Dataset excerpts
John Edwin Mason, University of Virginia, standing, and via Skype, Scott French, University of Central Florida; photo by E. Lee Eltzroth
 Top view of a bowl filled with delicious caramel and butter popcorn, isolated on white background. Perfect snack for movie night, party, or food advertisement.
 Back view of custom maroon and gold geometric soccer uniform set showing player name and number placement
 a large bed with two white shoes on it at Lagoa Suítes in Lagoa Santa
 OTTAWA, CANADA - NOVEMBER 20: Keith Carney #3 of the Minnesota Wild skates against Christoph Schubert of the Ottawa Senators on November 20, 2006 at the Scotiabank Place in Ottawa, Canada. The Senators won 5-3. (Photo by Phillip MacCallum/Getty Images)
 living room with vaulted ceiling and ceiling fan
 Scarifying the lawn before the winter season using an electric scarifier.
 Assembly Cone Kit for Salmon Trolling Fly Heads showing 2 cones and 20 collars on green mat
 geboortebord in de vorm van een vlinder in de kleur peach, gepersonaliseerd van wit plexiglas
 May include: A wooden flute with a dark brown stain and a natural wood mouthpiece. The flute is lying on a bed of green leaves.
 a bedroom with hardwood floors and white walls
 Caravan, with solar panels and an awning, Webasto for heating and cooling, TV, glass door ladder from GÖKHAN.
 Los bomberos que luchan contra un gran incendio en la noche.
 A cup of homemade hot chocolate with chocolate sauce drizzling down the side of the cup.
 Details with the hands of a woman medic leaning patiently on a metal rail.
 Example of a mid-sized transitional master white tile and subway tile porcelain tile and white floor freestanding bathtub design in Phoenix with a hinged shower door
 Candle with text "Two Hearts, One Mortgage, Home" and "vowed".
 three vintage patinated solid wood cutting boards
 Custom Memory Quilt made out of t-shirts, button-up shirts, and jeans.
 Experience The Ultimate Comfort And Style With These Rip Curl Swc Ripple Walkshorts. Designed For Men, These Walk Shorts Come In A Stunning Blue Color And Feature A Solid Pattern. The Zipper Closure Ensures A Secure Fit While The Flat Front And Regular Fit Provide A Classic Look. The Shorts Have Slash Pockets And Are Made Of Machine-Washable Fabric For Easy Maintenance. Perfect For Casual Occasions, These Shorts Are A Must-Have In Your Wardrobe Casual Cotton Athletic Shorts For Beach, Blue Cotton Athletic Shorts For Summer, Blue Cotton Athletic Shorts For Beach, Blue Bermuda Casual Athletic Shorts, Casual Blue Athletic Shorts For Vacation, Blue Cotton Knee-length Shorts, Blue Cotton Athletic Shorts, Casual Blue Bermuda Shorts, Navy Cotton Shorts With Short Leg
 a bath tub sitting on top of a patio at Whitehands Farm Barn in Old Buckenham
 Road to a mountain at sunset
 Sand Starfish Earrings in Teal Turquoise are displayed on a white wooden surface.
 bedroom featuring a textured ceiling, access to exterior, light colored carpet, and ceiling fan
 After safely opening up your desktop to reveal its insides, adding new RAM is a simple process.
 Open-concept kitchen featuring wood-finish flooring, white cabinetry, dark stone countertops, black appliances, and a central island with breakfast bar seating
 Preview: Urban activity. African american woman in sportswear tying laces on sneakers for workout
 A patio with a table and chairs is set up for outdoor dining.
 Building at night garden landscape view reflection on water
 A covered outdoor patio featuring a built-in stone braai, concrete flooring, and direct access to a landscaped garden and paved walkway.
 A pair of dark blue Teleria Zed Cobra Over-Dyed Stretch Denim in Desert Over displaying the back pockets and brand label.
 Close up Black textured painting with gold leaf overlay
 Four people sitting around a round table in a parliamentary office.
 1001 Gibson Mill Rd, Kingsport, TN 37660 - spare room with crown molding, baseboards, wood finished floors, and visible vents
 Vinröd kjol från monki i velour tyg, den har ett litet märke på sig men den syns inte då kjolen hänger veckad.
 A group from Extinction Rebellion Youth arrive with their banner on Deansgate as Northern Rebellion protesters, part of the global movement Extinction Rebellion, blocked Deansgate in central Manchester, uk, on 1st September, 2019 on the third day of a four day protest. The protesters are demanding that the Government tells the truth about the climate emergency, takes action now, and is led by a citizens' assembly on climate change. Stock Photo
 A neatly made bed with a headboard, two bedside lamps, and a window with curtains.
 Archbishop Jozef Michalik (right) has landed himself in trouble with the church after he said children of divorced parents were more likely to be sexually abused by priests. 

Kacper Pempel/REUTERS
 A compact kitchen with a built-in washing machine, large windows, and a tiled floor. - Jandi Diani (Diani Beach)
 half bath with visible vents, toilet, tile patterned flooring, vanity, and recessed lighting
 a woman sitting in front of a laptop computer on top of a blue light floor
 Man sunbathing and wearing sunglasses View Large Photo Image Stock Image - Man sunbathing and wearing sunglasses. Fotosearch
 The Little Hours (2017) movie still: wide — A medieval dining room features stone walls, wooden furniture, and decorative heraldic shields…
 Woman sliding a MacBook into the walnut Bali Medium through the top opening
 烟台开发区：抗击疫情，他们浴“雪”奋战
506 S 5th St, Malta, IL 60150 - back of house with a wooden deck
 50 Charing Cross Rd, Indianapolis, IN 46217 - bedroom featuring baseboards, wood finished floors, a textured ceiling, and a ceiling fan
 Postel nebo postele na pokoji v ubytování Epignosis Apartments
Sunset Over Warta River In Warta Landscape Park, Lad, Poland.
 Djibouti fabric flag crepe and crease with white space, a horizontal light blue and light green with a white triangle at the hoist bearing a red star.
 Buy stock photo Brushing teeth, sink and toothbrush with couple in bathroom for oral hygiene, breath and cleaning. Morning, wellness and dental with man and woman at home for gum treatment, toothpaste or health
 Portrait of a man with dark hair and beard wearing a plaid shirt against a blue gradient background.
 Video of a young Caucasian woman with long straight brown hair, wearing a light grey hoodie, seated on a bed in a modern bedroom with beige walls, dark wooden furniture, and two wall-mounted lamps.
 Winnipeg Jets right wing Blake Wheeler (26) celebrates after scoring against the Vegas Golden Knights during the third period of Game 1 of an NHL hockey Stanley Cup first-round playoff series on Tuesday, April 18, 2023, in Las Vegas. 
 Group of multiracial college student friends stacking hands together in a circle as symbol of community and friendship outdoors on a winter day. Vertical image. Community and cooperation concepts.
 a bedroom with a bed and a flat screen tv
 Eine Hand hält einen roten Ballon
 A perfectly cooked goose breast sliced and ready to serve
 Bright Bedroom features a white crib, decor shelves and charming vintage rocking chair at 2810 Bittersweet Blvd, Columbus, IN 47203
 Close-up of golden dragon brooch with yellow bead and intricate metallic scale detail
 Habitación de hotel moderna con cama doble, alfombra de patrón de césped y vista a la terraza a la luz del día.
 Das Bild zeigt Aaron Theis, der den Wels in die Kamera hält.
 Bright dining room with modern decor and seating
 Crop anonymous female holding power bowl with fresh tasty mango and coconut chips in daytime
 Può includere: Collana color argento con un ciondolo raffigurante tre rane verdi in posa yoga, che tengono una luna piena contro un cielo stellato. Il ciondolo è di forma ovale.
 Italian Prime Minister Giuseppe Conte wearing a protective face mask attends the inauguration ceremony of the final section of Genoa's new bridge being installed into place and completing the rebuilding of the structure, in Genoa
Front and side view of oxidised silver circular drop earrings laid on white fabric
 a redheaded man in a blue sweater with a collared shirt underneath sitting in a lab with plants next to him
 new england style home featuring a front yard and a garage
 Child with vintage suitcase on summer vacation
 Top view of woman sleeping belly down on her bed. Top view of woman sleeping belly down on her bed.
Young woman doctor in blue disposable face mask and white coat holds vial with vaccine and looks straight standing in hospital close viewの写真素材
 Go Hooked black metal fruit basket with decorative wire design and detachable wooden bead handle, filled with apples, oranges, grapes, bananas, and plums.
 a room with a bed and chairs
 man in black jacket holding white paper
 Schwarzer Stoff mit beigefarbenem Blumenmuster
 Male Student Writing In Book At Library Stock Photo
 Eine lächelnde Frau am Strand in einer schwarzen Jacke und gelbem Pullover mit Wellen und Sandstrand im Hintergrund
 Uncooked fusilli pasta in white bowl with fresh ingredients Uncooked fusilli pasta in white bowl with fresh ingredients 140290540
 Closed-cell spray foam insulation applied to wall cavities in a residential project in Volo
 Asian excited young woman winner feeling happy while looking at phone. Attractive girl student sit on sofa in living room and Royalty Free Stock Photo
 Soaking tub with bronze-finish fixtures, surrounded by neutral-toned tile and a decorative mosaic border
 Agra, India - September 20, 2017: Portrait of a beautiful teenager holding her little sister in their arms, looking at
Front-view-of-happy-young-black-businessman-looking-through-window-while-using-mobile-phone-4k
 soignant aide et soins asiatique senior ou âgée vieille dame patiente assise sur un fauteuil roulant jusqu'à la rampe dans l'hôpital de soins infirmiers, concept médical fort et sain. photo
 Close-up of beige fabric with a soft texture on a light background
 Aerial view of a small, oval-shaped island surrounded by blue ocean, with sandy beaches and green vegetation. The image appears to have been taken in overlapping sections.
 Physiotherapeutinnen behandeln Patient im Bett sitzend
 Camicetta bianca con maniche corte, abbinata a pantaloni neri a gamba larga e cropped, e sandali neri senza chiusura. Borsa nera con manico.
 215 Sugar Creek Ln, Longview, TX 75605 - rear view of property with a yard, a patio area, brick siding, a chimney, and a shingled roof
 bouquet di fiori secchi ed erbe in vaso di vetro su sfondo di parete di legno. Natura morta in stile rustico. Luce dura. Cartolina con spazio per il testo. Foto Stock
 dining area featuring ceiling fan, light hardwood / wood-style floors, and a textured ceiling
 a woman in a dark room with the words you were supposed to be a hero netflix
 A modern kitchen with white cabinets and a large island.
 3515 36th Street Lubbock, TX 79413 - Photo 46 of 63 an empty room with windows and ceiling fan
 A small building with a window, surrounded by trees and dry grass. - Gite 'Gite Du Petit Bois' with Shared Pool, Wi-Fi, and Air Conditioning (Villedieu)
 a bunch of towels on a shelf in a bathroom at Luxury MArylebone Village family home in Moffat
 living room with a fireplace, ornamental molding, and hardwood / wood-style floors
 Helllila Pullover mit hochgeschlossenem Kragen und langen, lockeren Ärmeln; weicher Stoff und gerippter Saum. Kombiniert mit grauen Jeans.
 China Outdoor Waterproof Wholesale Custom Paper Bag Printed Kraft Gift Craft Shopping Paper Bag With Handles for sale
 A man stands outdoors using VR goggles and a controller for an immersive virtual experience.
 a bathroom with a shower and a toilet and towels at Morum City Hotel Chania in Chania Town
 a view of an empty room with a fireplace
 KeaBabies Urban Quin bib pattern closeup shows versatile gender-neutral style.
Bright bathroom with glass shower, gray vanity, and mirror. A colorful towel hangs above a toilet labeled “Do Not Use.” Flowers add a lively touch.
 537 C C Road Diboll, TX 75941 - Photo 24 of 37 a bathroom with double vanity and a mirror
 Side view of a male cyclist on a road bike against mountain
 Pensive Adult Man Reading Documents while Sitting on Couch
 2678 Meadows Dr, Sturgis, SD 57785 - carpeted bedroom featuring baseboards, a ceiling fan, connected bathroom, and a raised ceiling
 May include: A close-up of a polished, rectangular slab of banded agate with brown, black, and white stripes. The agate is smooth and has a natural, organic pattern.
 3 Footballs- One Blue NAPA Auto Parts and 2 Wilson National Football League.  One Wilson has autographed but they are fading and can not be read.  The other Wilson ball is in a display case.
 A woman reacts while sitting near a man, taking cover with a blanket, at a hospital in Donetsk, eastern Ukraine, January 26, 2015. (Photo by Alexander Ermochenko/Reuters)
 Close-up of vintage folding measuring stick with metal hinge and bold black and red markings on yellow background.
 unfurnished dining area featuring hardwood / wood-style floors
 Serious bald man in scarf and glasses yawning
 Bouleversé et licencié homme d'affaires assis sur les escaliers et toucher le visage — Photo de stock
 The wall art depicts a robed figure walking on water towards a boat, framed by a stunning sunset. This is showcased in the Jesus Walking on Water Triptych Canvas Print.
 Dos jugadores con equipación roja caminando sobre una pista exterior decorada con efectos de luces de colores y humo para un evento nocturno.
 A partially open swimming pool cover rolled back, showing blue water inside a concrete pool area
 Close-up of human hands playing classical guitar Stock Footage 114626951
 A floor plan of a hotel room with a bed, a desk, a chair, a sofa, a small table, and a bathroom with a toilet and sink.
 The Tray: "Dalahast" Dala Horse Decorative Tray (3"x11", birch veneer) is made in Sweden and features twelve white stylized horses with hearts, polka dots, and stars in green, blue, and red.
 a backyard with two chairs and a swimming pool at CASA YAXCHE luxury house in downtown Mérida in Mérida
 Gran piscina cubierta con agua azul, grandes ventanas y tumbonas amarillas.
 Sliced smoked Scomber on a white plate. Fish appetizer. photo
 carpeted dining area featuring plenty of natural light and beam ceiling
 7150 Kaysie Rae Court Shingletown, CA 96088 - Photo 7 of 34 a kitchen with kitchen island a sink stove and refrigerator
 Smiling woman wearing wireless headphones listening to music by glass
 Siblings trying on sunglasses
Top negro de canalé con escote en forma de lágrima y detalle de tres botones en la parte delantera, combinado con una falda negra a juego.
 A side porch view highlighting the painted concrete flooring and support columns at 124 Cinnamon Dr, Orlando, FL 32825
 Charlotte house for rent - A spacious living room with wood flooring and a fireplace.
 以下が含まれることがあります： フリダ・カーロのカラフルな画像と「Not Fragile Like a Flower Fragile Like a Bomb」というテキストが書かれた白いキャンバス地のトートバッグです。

WHAT THE EXERCISE ASKS: Only the lines above starting at the line that holds "2678 Meadows Dr, Sturgis, SD" and ending at the line that holds "May include: A close-up" are to be repeated, exactly and in full.

ANSWER SPACE:
 2678 Meadows Dr, Sturgis, SD 57785 - carpeted bedroom featuring baseboards, a ceiling fan, connected bathroom, and a raised ceiling
 May include: A close-up of a polished, rectangular slab of banded agate with brown, black, and white stripes. The agate is smooth and has a natural, organic pattern.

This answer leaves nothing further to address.